The 4 Disciplines of Execution®

Discipline 1:
Focus on the Wildly Important

Discipline 1: ​​​​​​​Focus on the Wildly Important

There will always be
more good ideas than
there is capacity to execute.

Our research has shown that only 15 percent of employees actually know their organization’s most important goals—either there are no goals or they have too many goals. 

Focus on less in order to accomplish more. Start by selecting 1 Wildly Important Goal® (WIG®) instead of trying to work on a dozen goals all at once. We are not suggesting you ignore the work necessary to maintain your daily operation. We are suggesting you narrow your focus to work on what you want to significantly improve. 

To define a WIG, identify where you are now, where you want to be, and by when. Said differently, you define a starting line, a finish line, and a deadline. Psychologically it is important to have a single measure of success.
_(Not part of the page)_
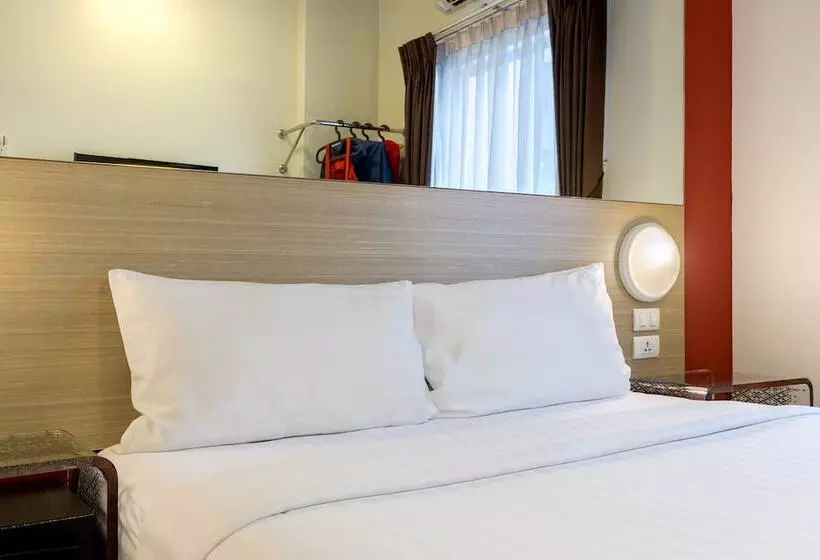 Hotelli Red Planet Pattaya Sha Extra Plus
This is the discipline of focus, and it’s the first step in creating a winnable game. 

The Wildly Important Goal (WIG) 

Practicing Discipline 1 means narrowing your focus to a few highly important goals so you can achieve them in the midst of the whirlwind of the day job. 
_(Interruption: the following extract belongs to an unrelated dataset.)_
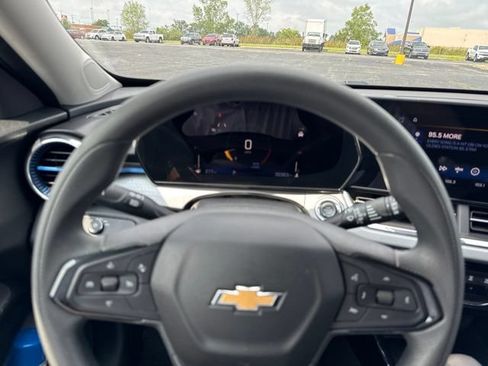 Used 2025 Chevrolet Trax LT FWD image 8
Your chances of achieving 2 or 3 goals with excellence are high, but the more goals you try to juggle at once, the less likely you will be to reach them. 

Mục Tiêu Quan Trọng

Focusing on the wildly important requires you to go against your basic wiring as a leader to do more, and instead, focus on less so that your team can achieve more.

- Sean Covey

The 4 Disciplines of Execution®

01

Discipline 1

This is the discipline of focus. Exceptional execution starts with narrowing the focus—clearly identifying what must be done. Otherwise, nothing else you achieve really matters much. 

02

Discipline 2

This is the discipline of leverage. 80% of your results will come from 20% of your activities; are you focusing on the right ones? Discipline 2 is based on the principle that not all actions are created equal. Identify and act on the activities with the highest leverage. 

03

Discipline 3

This is the discipline of engagement. People and teams play differently when they are keeping score, and the right kind of scoreboards motivate the players to win. 

04

Discipline 4

This is the discipline of accountability. Each team engages in a simple weekly process that highlights successes, analyzes failures, and course-corrects as necessary, creating the ultimate performance-management system.